_WORK INSTRUCTION_
Below are the records; give again exactly the line with "Stoned Age (E.F.S. No ß?!))°(()", the line with "Colant de femei", and each line that lies between them, and nothing besides.

_EXERCISE DATA_
>>>>>
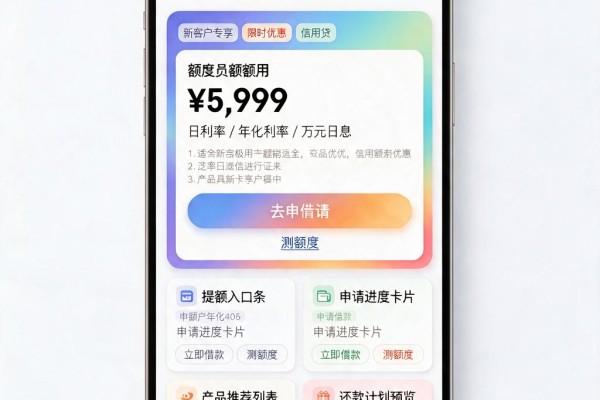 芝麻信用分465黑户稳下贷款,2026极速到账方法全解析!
<<<<<
>>>>>
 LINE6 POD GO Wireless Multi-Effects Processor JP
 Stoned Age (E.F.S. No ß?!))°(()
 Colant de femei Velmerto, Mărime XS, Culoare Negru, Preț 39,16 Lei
<<<<<
>>>>>
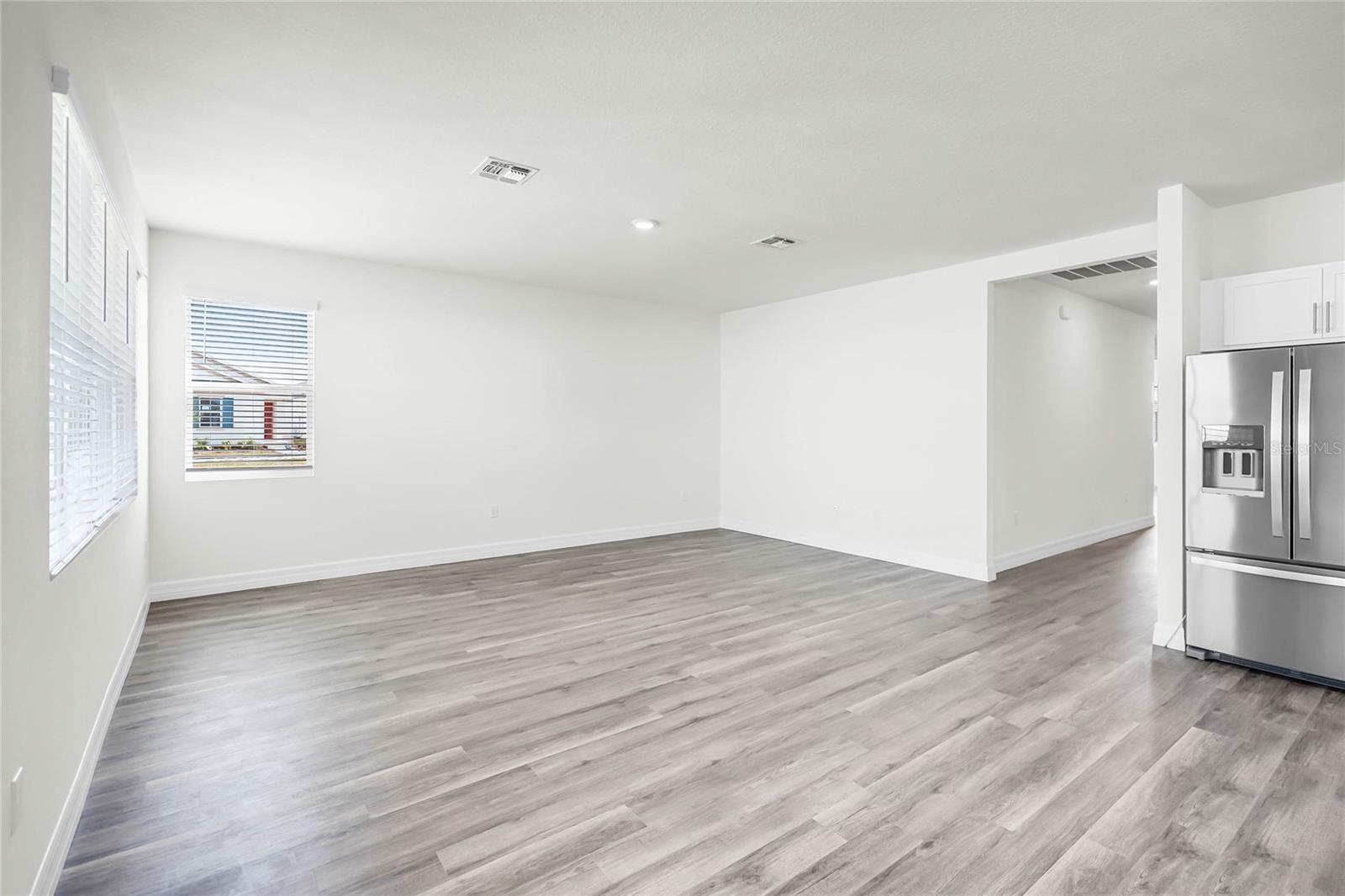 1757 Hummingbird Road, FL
<<<<<
_ANSWER BOX_
 Stoned Age (E.F.S. No ß?!))°(()
 Colant de femei Velmerto, Mărime XS, Culoare Negru, Preț 39,16 Lei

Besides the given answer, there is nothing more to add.